--- SOURCE MATERIAL Enclosed Below ---

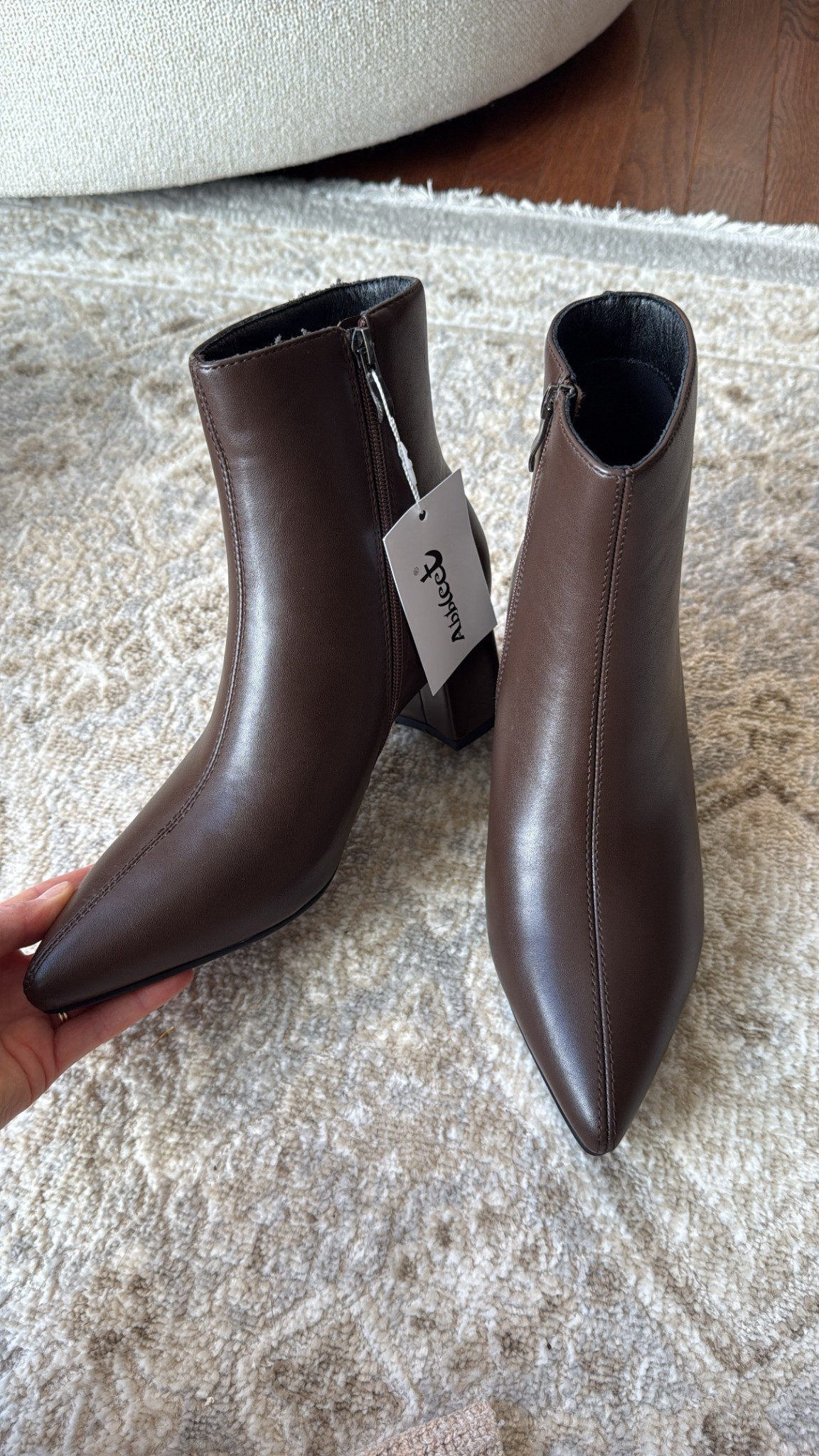 Ankle boots under $50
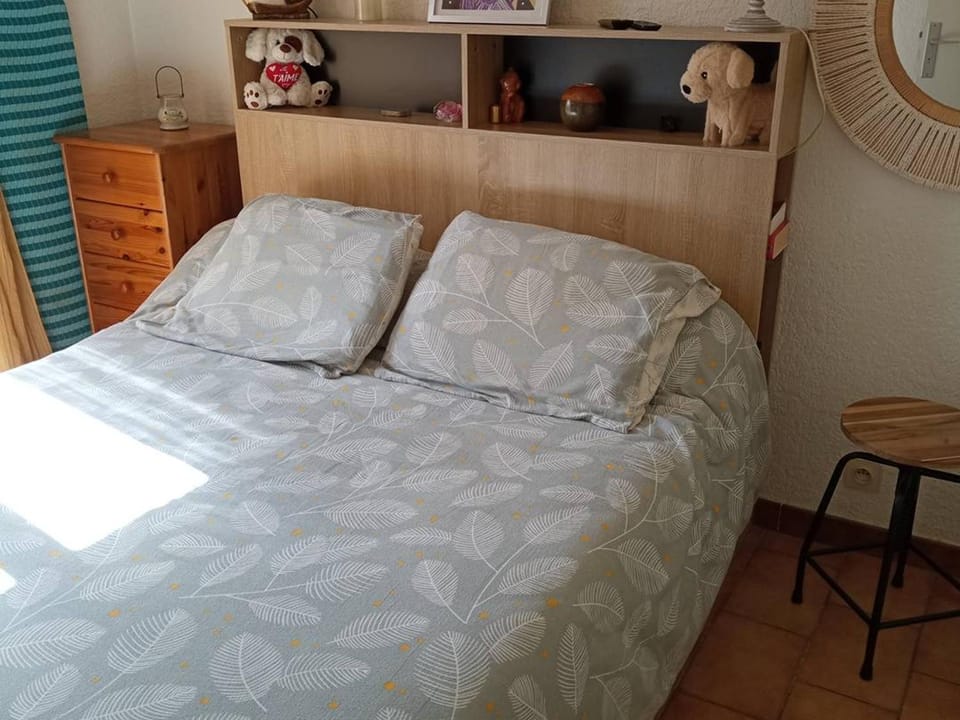 Appartement charmant, vue port - 4 pers. - FR-1-696-143 Apartment in Canet-en-Roussillon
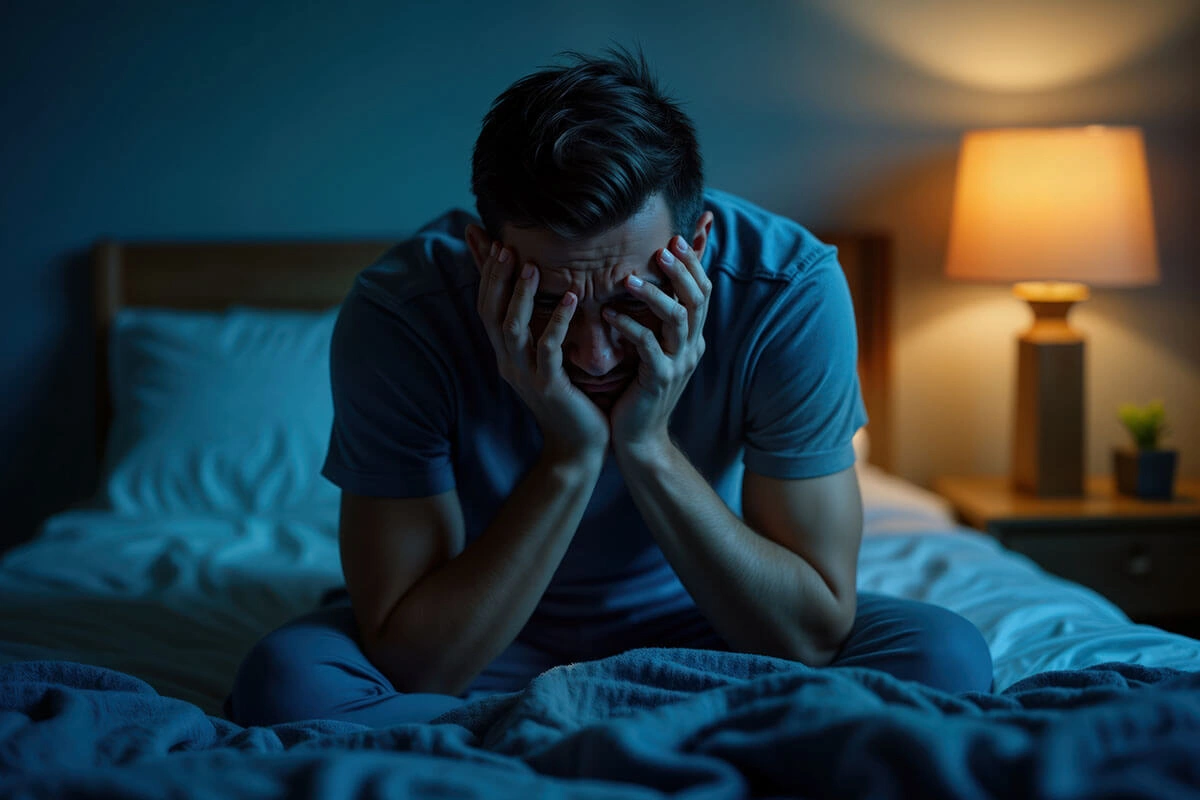 Causes of Sleep Disorders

--- End of Enclosed SOURCE MATERIAL ---

_ABOUT THIS TASK_
An exact printout of the listing is needed, minus any pictures it contains.

_ANSWER FOR THE TASK_
 Ankle boots under $50
 Appartement charmant, vue port - 4 pers. - FR-1-696-143 Apartment in Canet-en-Roussillon
 Causes of Sleep Disorders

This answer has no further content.